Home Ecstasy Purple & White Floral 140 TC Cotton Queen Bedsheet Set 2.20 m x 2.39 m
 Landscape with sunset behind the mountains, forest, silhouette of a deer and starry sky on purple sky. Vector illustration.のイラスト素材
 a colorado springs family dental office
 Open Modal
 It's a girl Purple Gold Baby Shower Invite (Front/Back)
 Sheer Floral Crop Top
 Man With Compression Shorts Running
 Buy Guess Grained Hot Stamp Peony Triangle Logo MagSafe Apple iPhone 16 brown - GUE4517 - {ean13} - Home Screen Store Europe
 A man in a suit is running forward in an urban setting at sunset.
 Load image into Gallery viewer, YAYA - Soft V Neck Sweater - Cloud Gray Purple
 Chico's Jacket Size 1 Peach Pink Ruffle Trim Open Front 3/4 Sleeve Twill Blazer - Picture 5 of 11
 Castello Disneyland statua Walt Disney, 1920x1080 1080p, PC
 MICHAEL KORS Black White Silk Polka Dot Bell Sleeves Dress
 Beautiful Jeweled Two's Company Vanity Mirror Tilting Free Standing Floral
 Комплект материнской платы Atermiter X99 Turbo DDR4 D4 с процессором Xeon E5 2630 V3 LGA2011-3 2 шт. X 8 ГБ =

TASK:
Go through the entries and copy every line with "Front".

RESPONSE:
 It's a girl Purple Gold Baby Shower Invite (Front/Back)
 Chico's Jacket Size 1 Peach Pink Ruffle Trim Open Front 3/4 Sleeve Twill Blazer - Picture 5 of 11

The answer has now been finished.